Automatic Backups with rsync and Anacron

Originally published in the LinuxGazette.net, July 2004, Issue 104.

1. Introduction

The thing about backups is that they can just be a pain. Everyone knows just how important they are, but very few people actually take the time to perform proper backups. Even after they have felt the pain of losing all those important files.

In this article I am going to show you how to quickly set up your computer for simple, hassle-free, and transparent backups using only rsync and cron (or Anacron). The premise is simple: every night your computer will make an automatic mirror of all the files you wish to backup, and at chosen intervals these mirrors will be archived and kept for a specified period of time.

Before you get our hands dirty on actual implementation you need to design your own backup policy. In section 3 I discuss what a backup policy should and should not be. I will then introduce the necessary background information on rsync and cron separately. Finally, I will put it all together leaving you with a simple but effective backup regime.

2. Intended Audience

This article and the presented backup procedure is intended for anyone wishing to keep an effective backup of their important data. It is definitely not intended for large organisations or businesses with mission critical data. I would imagine the ideal candidates would include: home users, home office/small office users, students/postgraduates, and researchers.

3. Backup Policies

A common misconception among many people is that a good backup policy is as simple as making a regular copy of your data ("mirroring your data"), always overwriting the previous copy. This, although more effort than most might make, is almost as bad as doing nothing.

Consider, for example, if one of your files becomes corrupt over time. It takes you a week or two before you use it again. In that time, you have made two "backups". You open your file to find your data destroyed. "But", you think to yourself, "that's alright, I'll just turn to my backup". You open your backup to find the exact same corrupted file. You realise only too late how useless your backup policy was.

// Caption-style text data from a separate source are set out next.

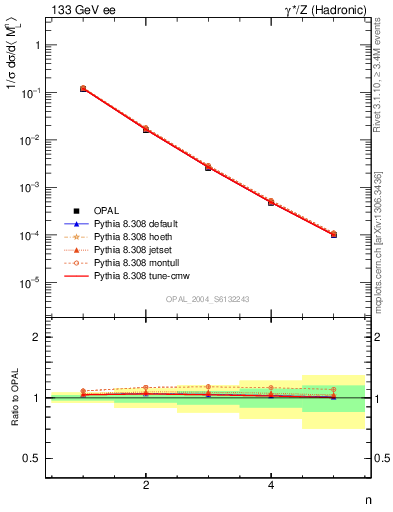 Plot of Ml2-mom in 133 GeV ee collisions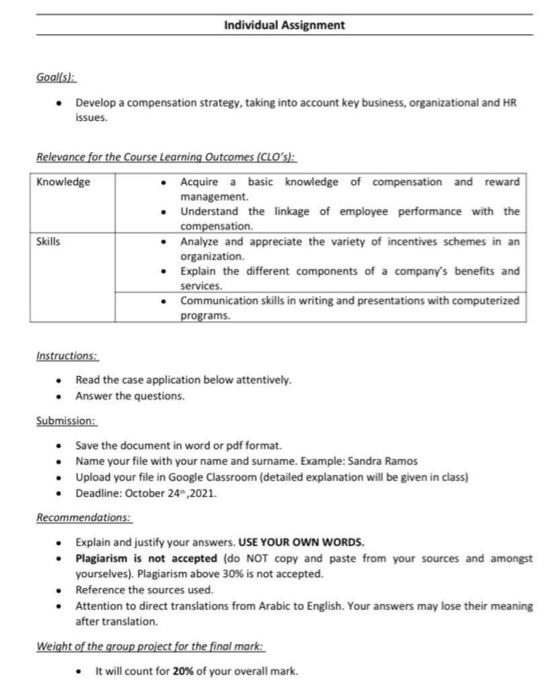Solved Individual Assignment Goals: • Develop a compensation | Chegg.com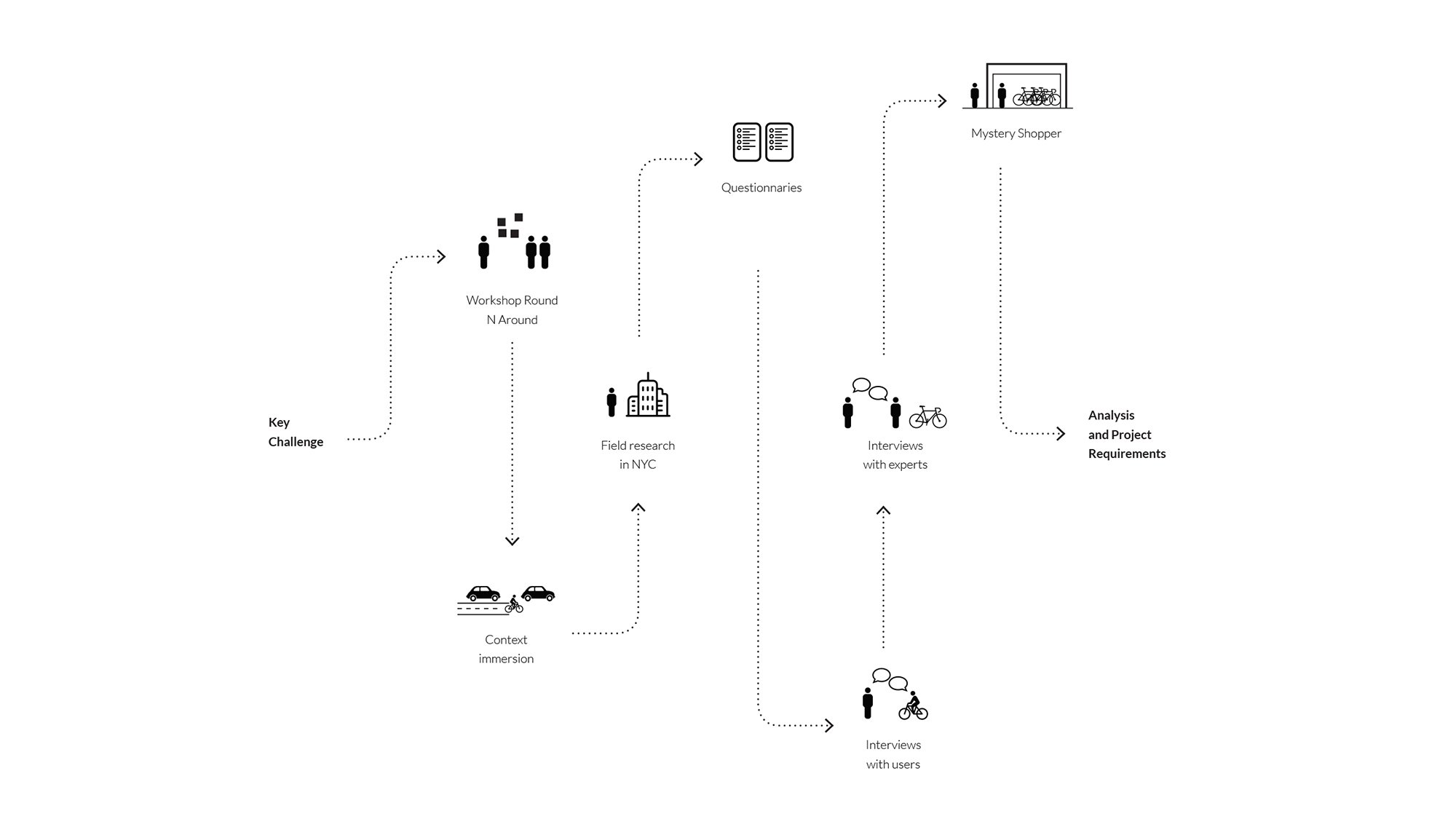 mobilidade umabike. desafio estratégico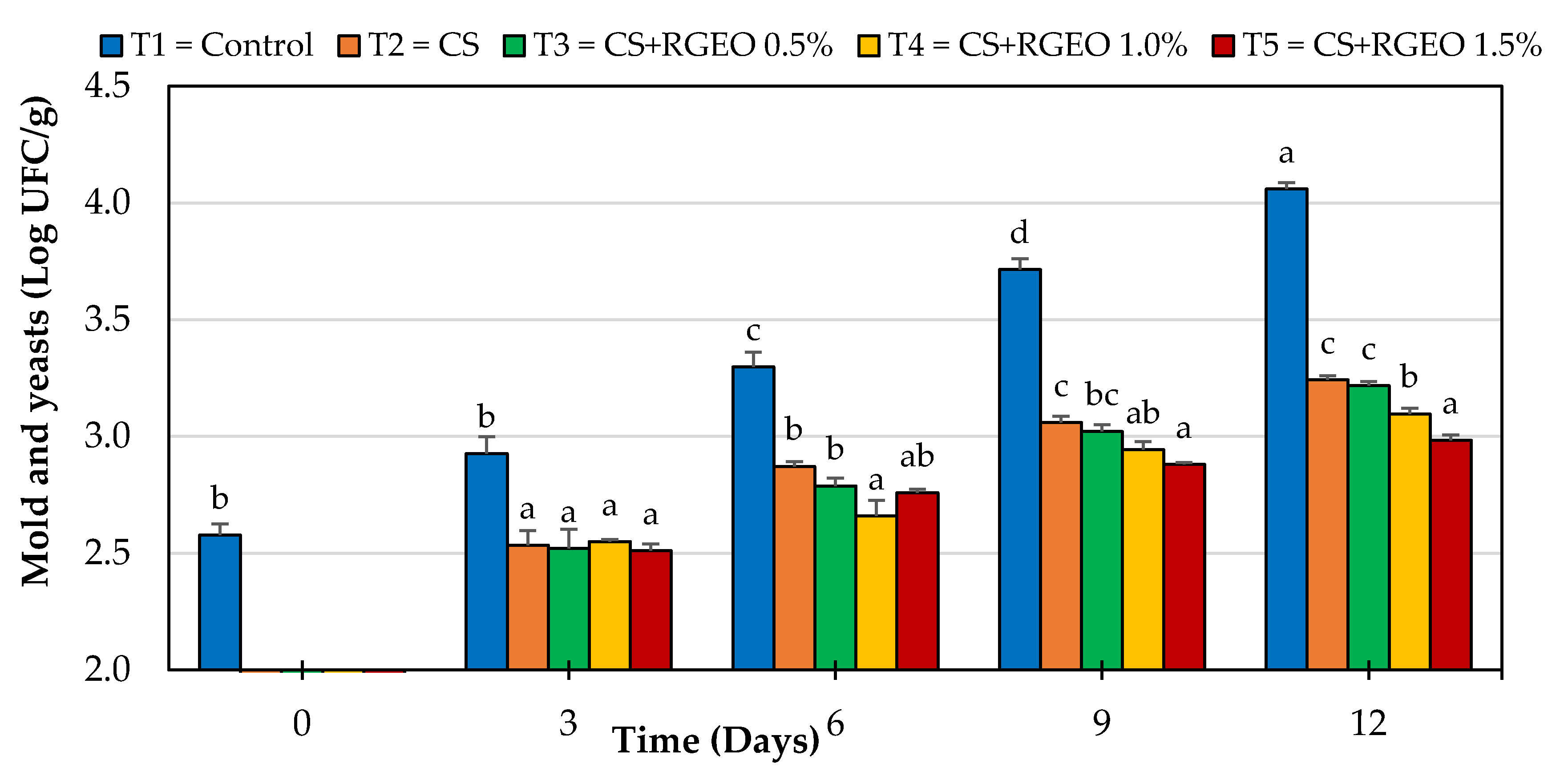 Applsci 10 02684 g005 Applsci 10 02684 g005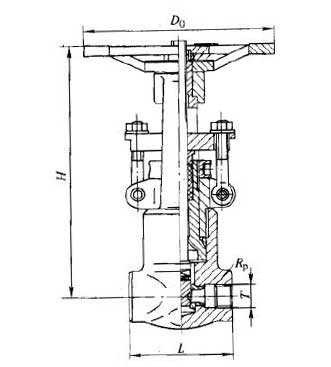 Z11HZ11Y1500(Lb)2500(Lb)(ni)ݼyШʽlyҪμY(ji)(gu)ߴ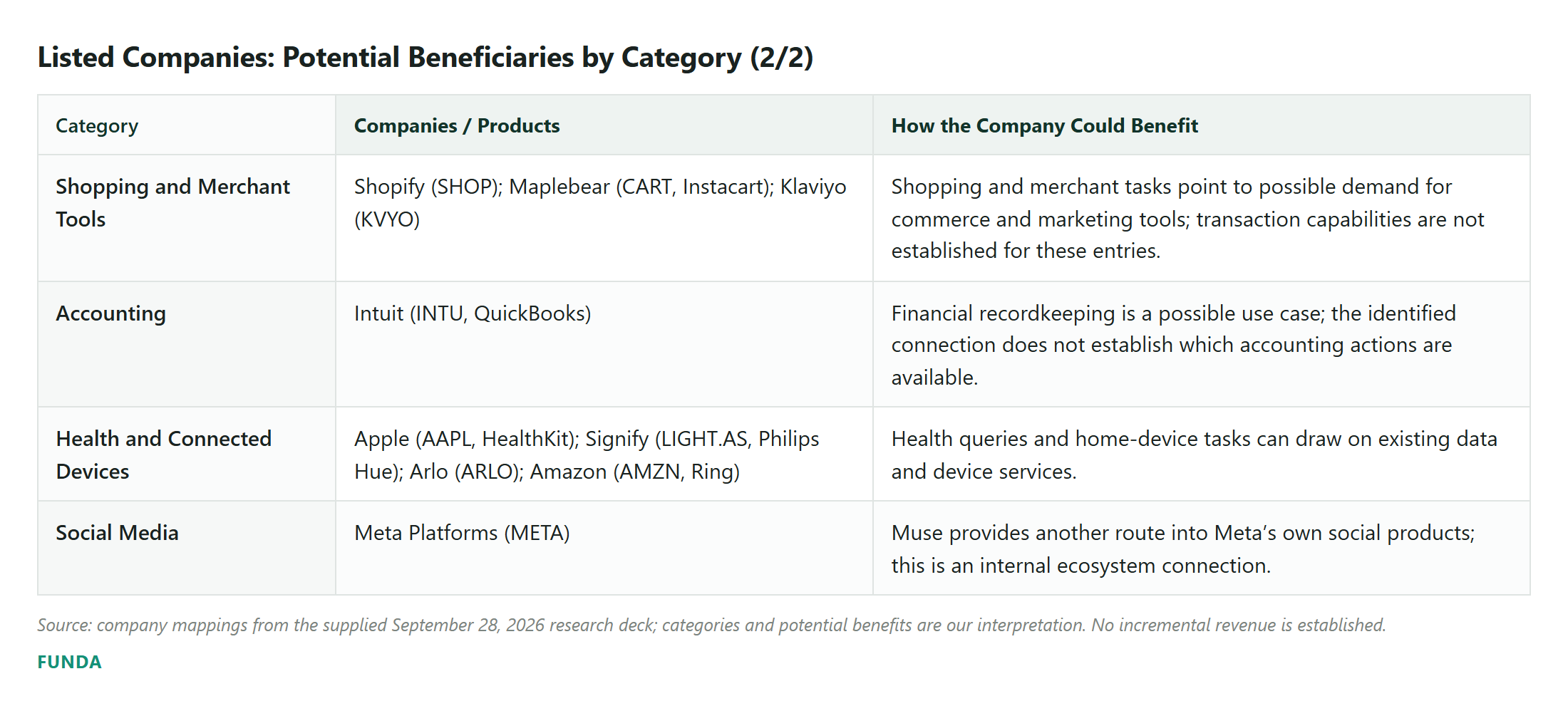 Listed Companies: Potential Beneficiaries by Category (2/2)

Most of us have hundreds, if not thousands, of important files in our home directories; address books, e-mails, letters, work related data, programs we have been working on, etc. Some of these files we might use every week, while others might not be looked at for months or even years.

A good backup policy is one which takes "snapshots" of your data and keeps them for a specified period of time. It is up to each individual to decide just how many snapshots to keep and at what intervals. Often this will be decided for you by storage limitations. Where possible, data that changes regularly will benefit from snapshots of smaller intervals, while data that rarely changes requires fewer intervals. The following table demonstrates my own backup procedure:

Data Change Freq. Size Daily Mirror Weekly Snapshots Monthly Snapshots Space Required
1 2 3 1 2 3 4 6 12
E-mails Daily 100Mb Y Y Y Y Y N Y N Y Y 500Mb
MySQL Data Daily 30Mb Y Y N N Y N Y N Y N 70Mb
Website Monthly 900Mb Y Y N N Y N N Y N N 3,200Mb
/etc 2-3 Weeks 28Mb Y Y Y Y Y Y Y Y Y Y 200Mb
Thesis Daily 25Mb Y Y Y Y Y Y Y Y Y N 190Mb
Research Code Rarely 60Mb Y Y N N Y N Y N Y Y 200Mb
Total space required: 4,360Mb

Each of the snapshots is compressed to reduce space. The largest data in my policy is the website. This rarely changes so I keep only a few snapshots. My systems /etc directory also changes rarely, but as it is only 28Mb I have chosen to keep all possible snapshots. You should now make a similar table and decide which data you want to backup and how often.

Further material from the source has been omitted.